__Supplied records__:

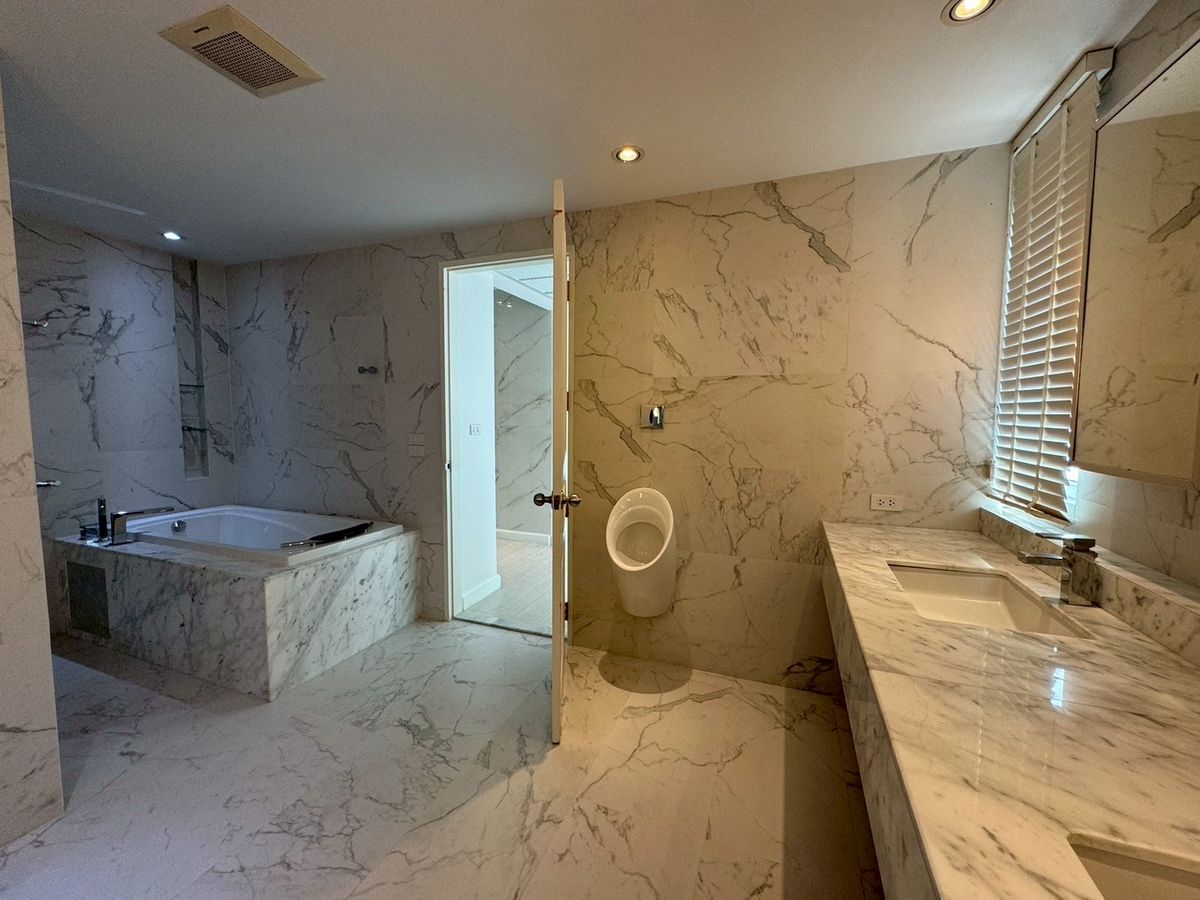 For SaleHouseSukhumvit, Asoke, Thonglor : Renovated House for Sales in Asoke-Nana. Strong Structure 全新装修的别墅出售，阿索克和娜娜区域，房子质量好！** NO CO-AGENT **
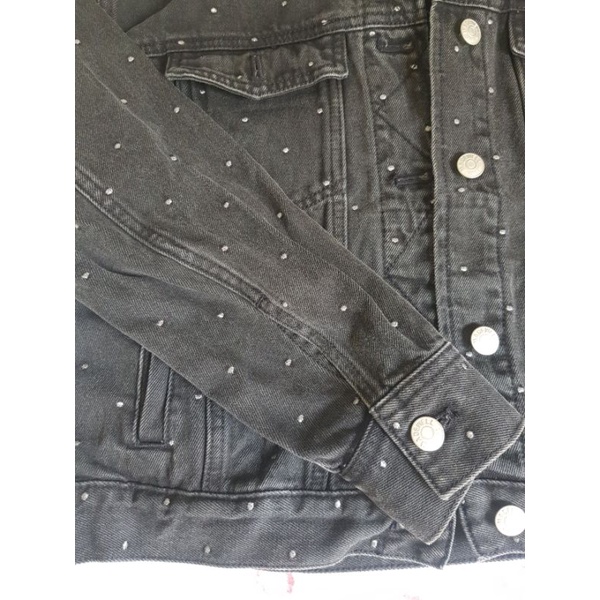ÁO KHOÁC JEAN ĐEN CHẤM BI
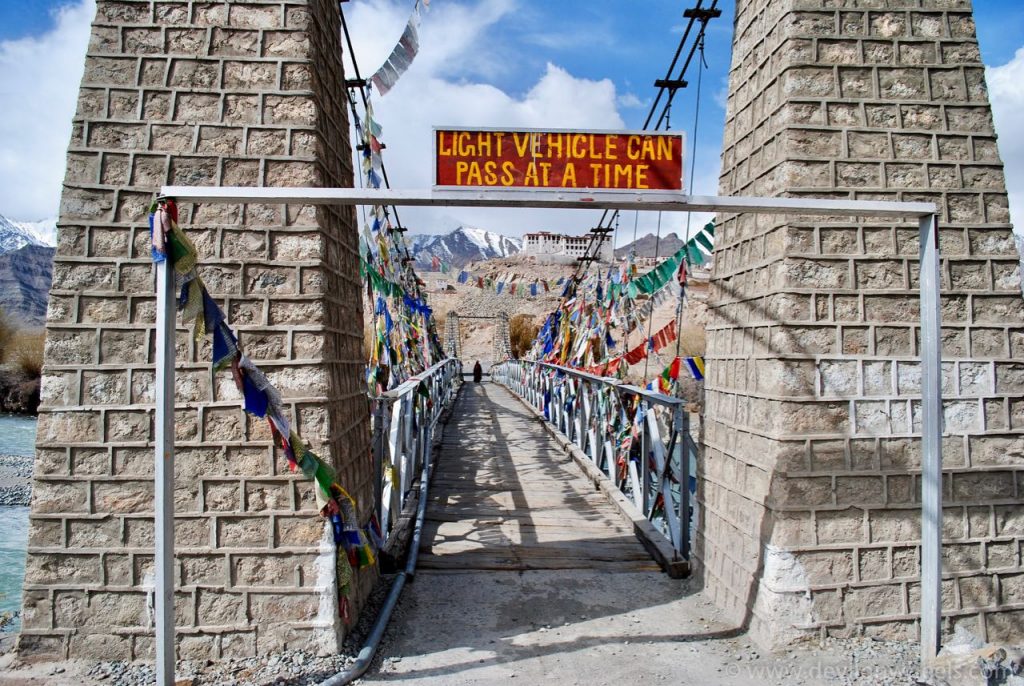 The bridge to Stakna Monastery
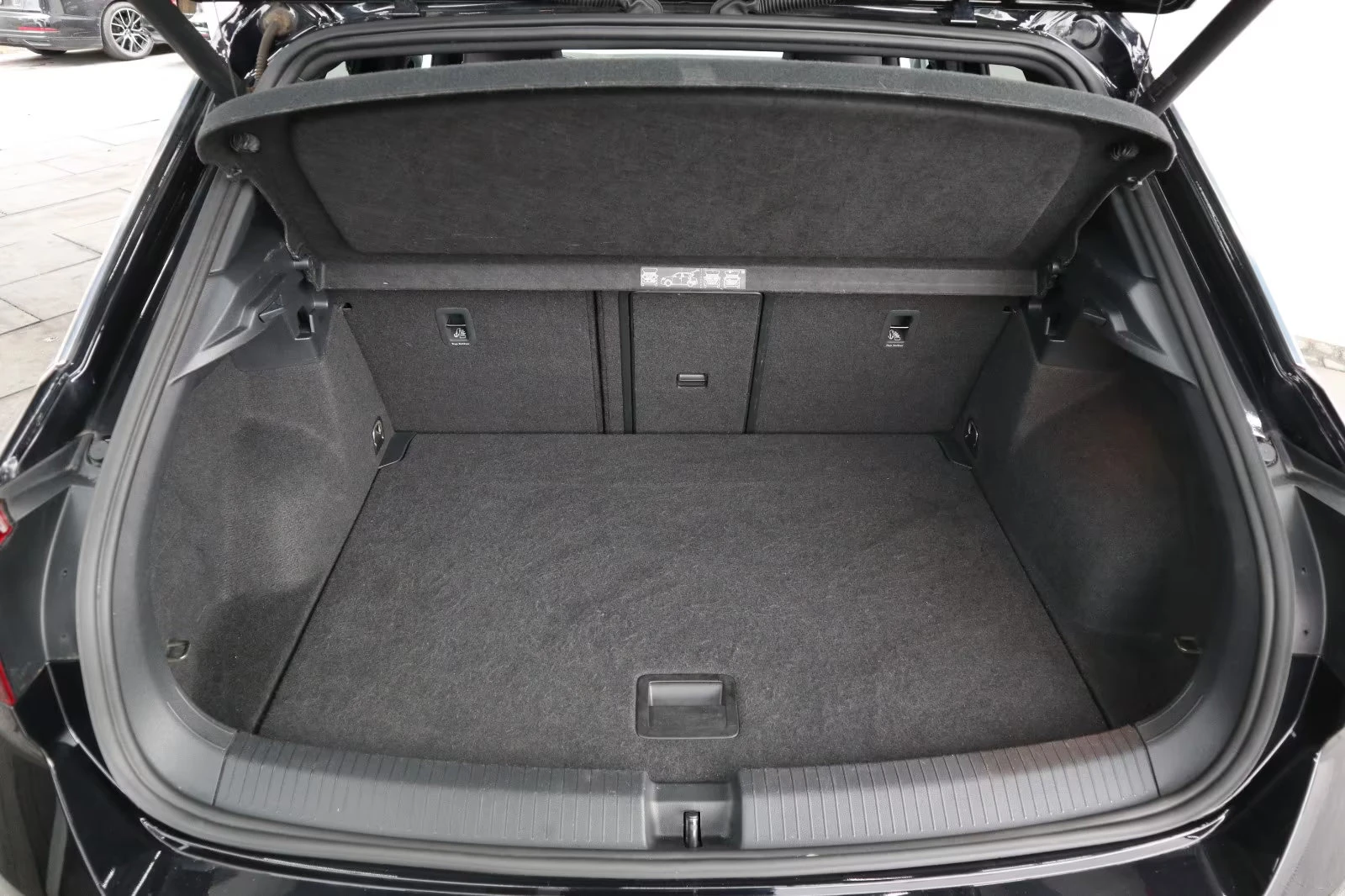 VW T-Cross R-LINE/300HP/AKRAPOVIC/PANO/4X4/CAM/DIGITAL/962v - изображение 7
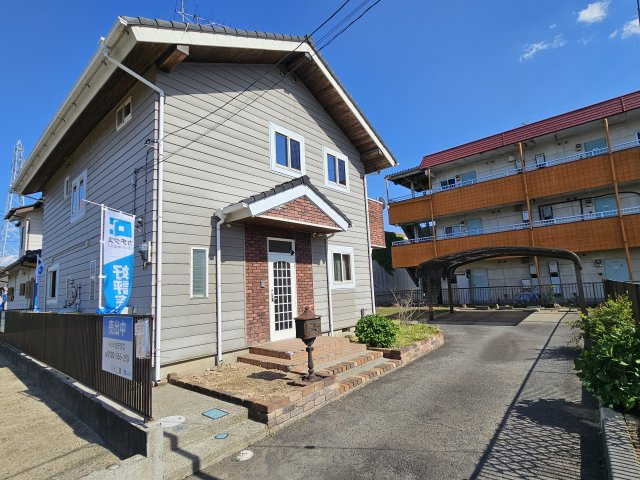 筑西市乙中古戸建の外観|外観は落ち着いています
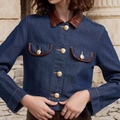 Details der Jeansjacke mit Lederkragen und goldenen Löwenkopf-Prägeknöpfen - S / Dunkelblau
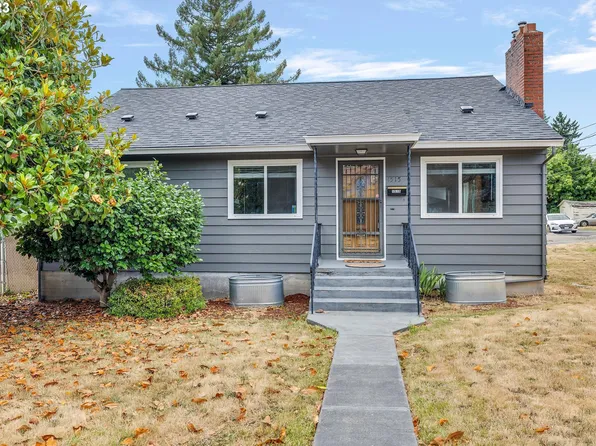 1515 15th St, Oregon City, OR 97045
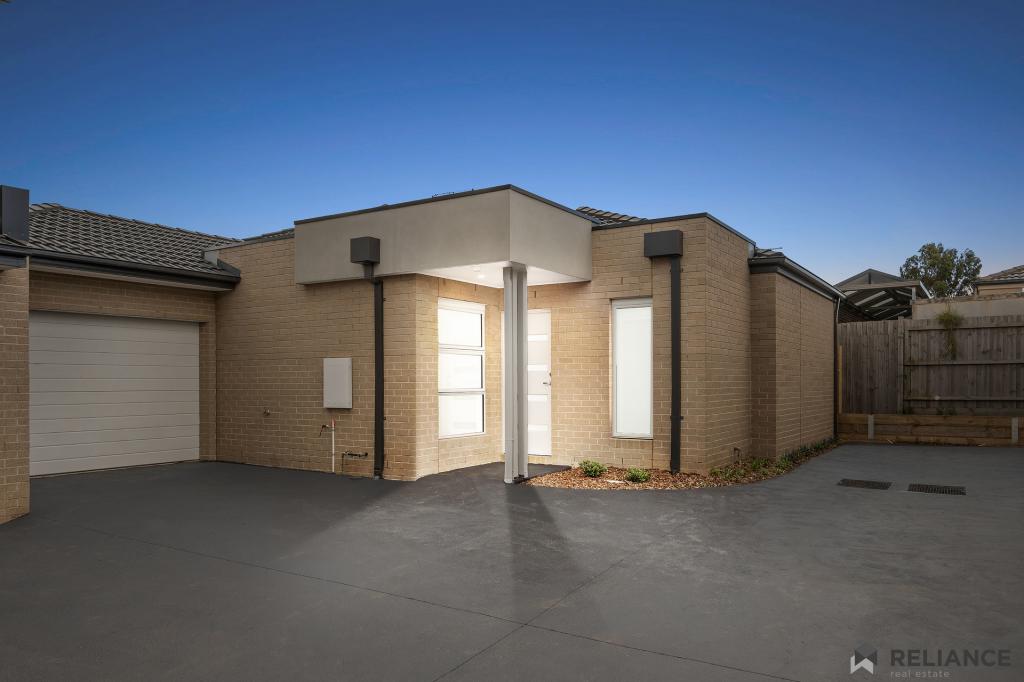 3/40 LADY PENRHYN DR, HARKNESS, VIC 3337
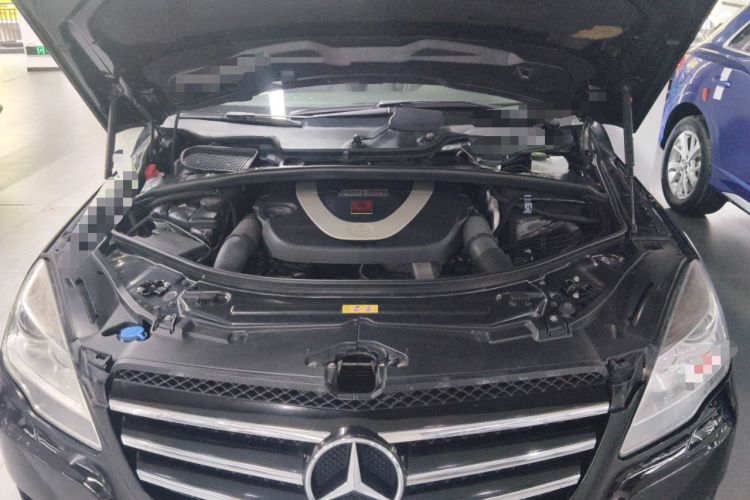 Used Mercedes-Benz R-Class 2010 R 350 L 4MATIC Engine Bay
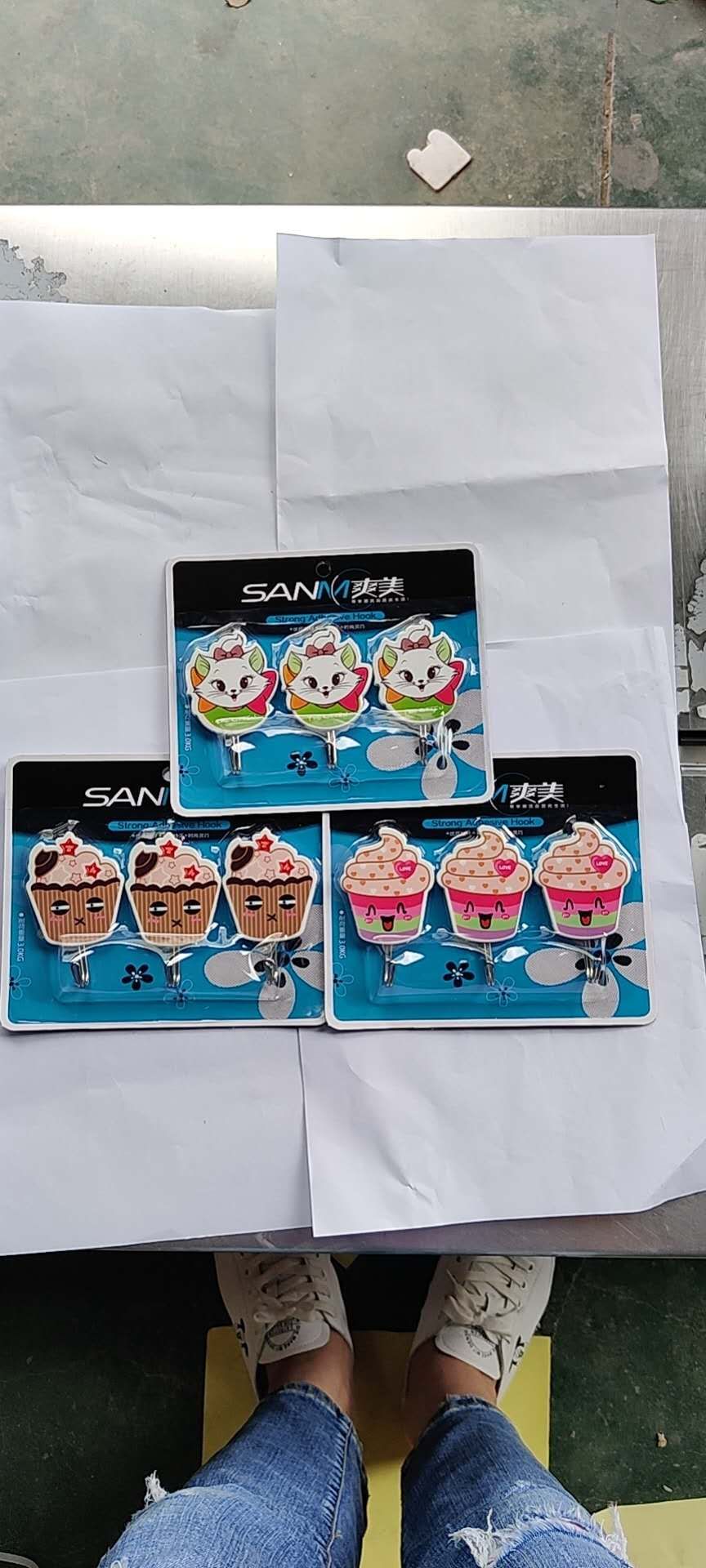 爽美3个卡通粘钩产品图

__Your objective__:
Take the whole listing above and copy it exactly. Pictures do not go into the copy.

__Written answer__:
 For SaleHouseSukhumvit, Asoke, Thonglor : Renovated House for Sales in Asoke-Nana. Strong Structure 全新装修的别墅出售，阿索克和娜娜区域，房子质量好！** NO CO-AGENT **
ÁO KHOÁC JEAN ĐEN CHẤM BI
 The bridge to Stakna Monastery
 VW T-Cross R-LINE/300HP/AKRAPOVIC/PANO/4X4/CAM/DIGITAL/962v - изображение 7
 筑西市乙中古戸建の外観|外観は落ち着いています
 Details der Jeansjacke mit Lederkragen und goldenen Löwenkopf-Prägeknöpfen - S / Dunkelblau
 1515 15th St, Oregon City, OR 97045
 3/40 LADY PENRHYN DR, HARKNESS, VIC 3337
 Used Mercedes-Benz R-Class 2010 R 350 L 4MATIC Engine Bay
 爽美3个卡通粘钩产品图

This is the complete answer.